Software Architect / Microsoft MVP (AI) and Pluralsight Author

AI, Architecture, Azure, Bot Framework, C#, Chatbots, Cognitive Services

Building a chatbot you can call using Bot Framework, Direct Line API and Twilio. Part 1

I couldn’t find any .NET tutorials that showed me how to create a configurable chatbot that I could call on the phone and interact with. It’s not surprising as a lot of the technology is still cutting edge.

In the future Azure Communication Service will offer a lot of what you’re about to read out of the box but for the time being this is restricted to the US.

I went through a lot trial and error to join the dots. In this blog post I share how I pieced together various pieces of technology and earlier blogs I read to make this possible.

This blog is a way for me to remember how to do this.

I read a few blog posts that were fundamental in piecing together this end-to-end solution so first – full credit to the following blogs in helping form parts of the solution:

 

These blogs were very helpful (thankyou!).
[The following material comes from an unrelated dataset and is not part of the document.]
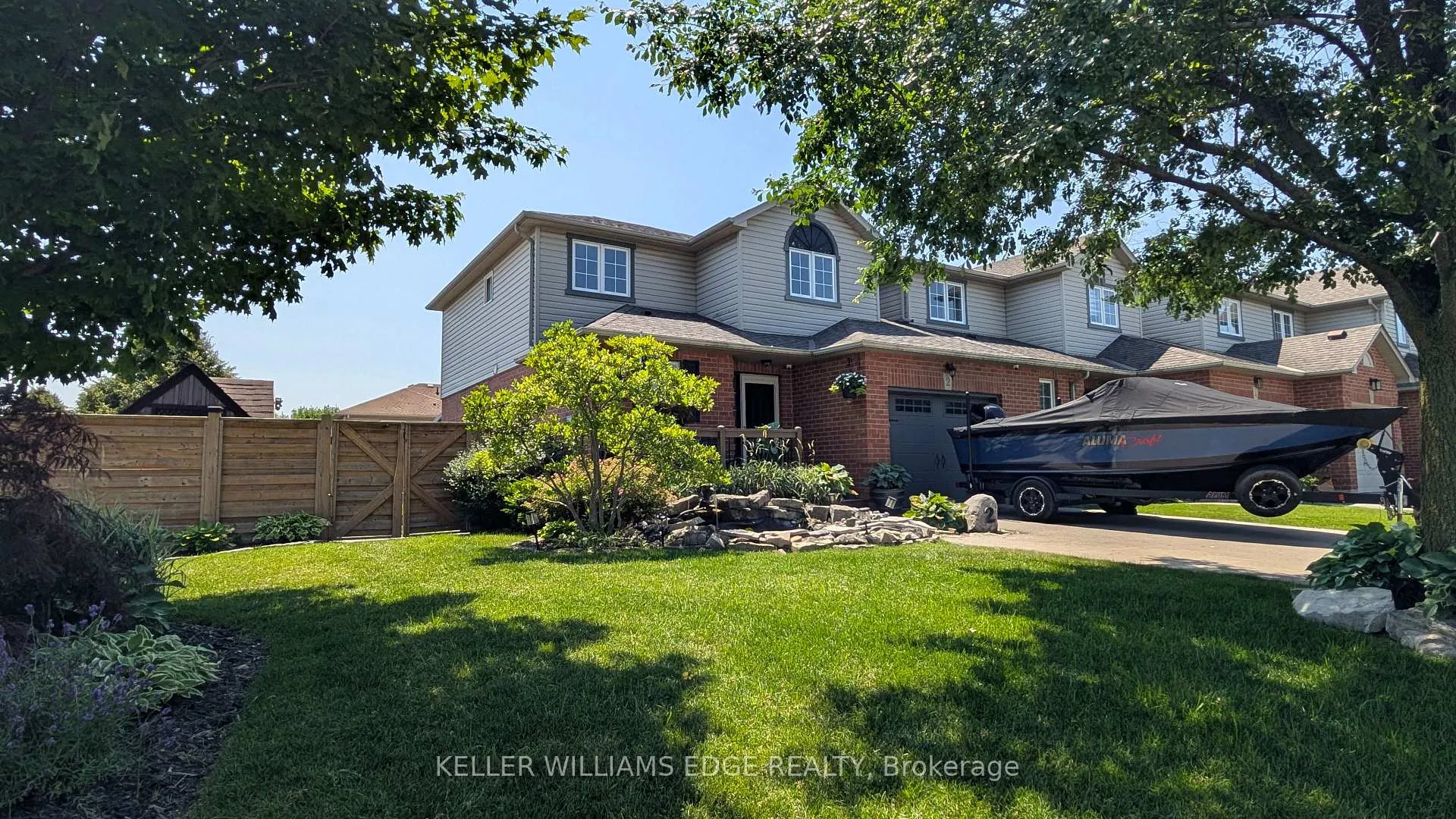 Photo 2 of 2 Bronte Court, Hamilton, Waterdown — HOMEH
This blog will be split into 2 or more parts and by the time the series is complete you’ll understand how to create a simple bot that you can interact with on the phone.

Tools and Technology

The following technologies and services are used:

  • Azure Speech to Text – converts the humans voice to text. This is sent to the bot.
  • Azure Text to Speech – converts the chatbots response to speech. This is sent to the human.
  • Bot Framework SDK – used to orchestrate messages/activities/dialogs in the chatbot.
  • Direct Line API – lets you programmatically interact with the chatbot.
  • GStreamer CODEC – needed to parse audio.
  • NGrok – for creating a tunnel and exposing our development connection to the internet.
  • Twilio – used to provide a telephone number for the chatbot and route calls.
  • Twilio Media Streams – used to create socket connections and send/transmit audio data.

There are many moving parts so to visualise the flow of information and how each component interacts with each other a diagram can help.

Architecture

In this diagram we can see how the main components communication with each other. The types of data and message are also detailed.
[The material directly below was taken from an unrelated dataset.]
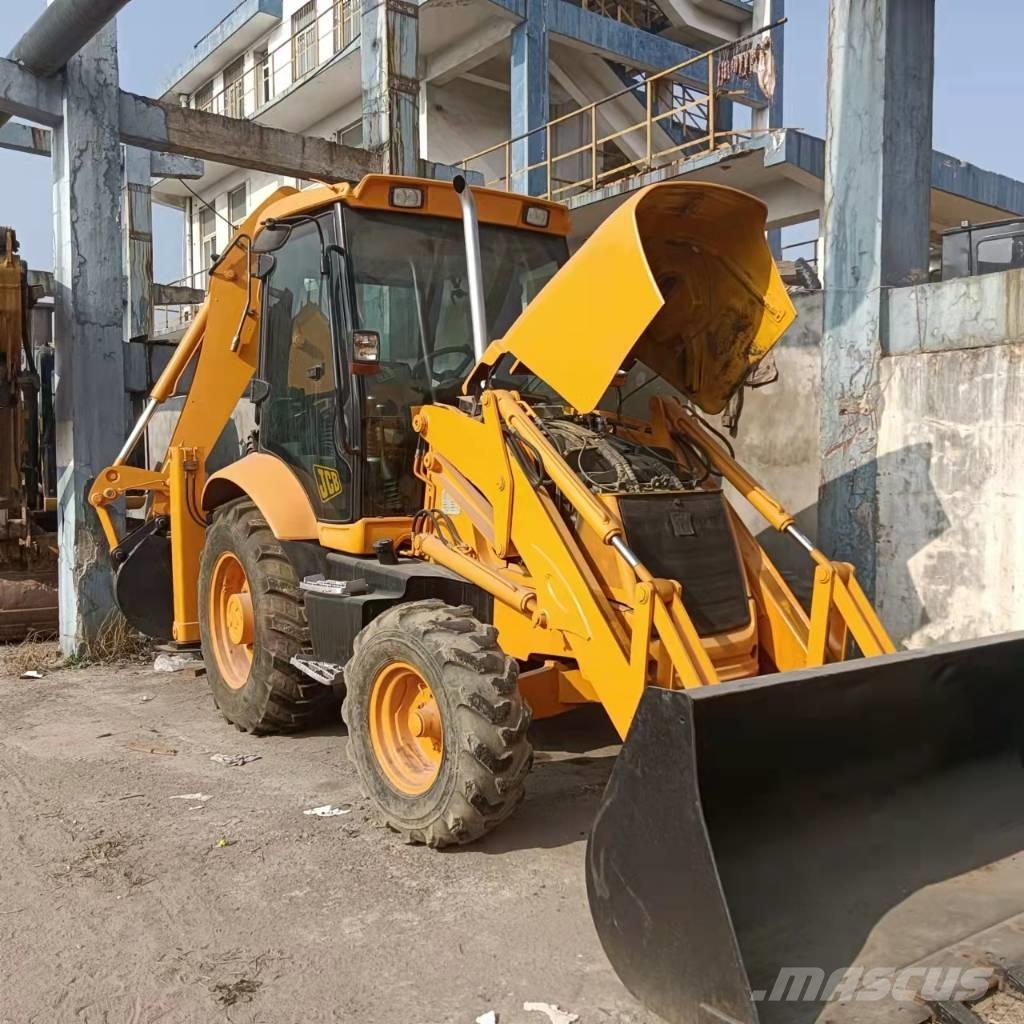 JCB 3CX Backhoe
Here is some pseudo code from the main steps in the above diagram:

  1. Person calls Twilio Number.
  2. Twilio Webhook intercepts call.
  3. Twilio Media Stream is invoked in parallel.
  4. As the person speaks, the Media Stream sends a Base64 string of the audio to the custom Media Handler.
  5. The Base64 is parsed to bytes and pushed into a byte array that contains the audio.
  6. The byte array is sent to Azure Speech to Text.
  7. The transcription of the text is sent to the chatbot.
  8. The chatbot processes the text like any usual activity.
  9. The chatbots response is converted to speech using Azure Text to Speech.
  10. The chatbot audio is converted to MULAW audio format that Twilio require.
  11. The MULAW audio is sent back upstream to the telephone.
  12. Rinse and repeat.

There’s quite a lot going on. Here is an overview of some of the main concepts mentioned:

Web Hook

This is an endpoint that you configure in the Twilio developer dashboard when you buy a phone number. The URL points to an endpoint you build. You can see this below. You’ll see mine is pointing to the nrgok url I have running. (ngrok is used to expose my development machine over the web).
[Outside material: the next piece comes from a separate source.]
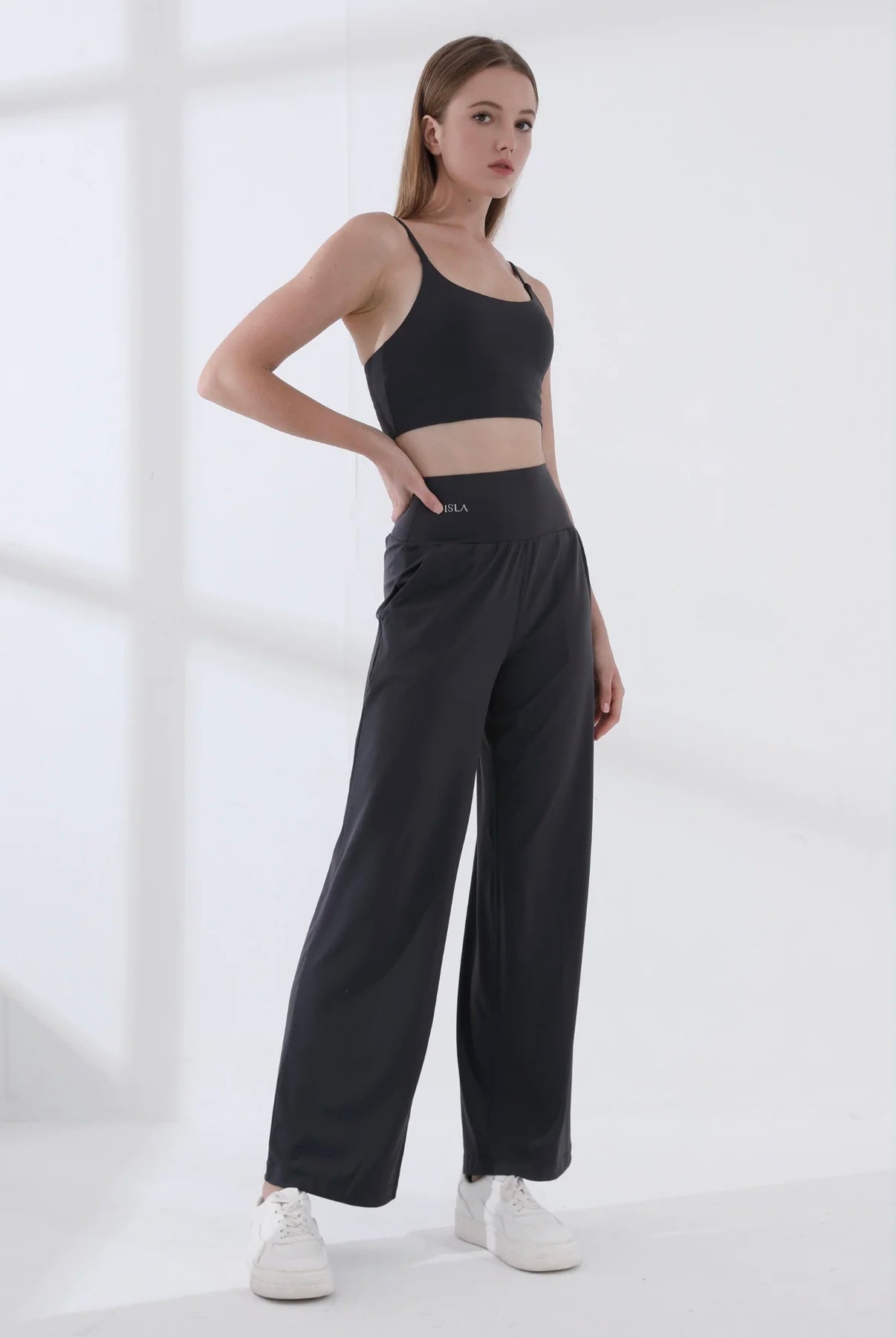 ISLAB048 Marshmallow thin strap bra top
Media Stream and Web Sockets

These facilitate the transmission of bidirectional data between the person and the bot. Or in plain English – let you have a normal conversation with the chatbot on the phone!

MULaw, GStreamer, Azure Speech Services and Twilio

This stuff was a pain. Twilio and Azure don’t play that together. There isn’t anything of the Twilio developer documentation to show you what’s required either. It turns out the Twilio Media Stream encodes the audio in a format known as MULAW.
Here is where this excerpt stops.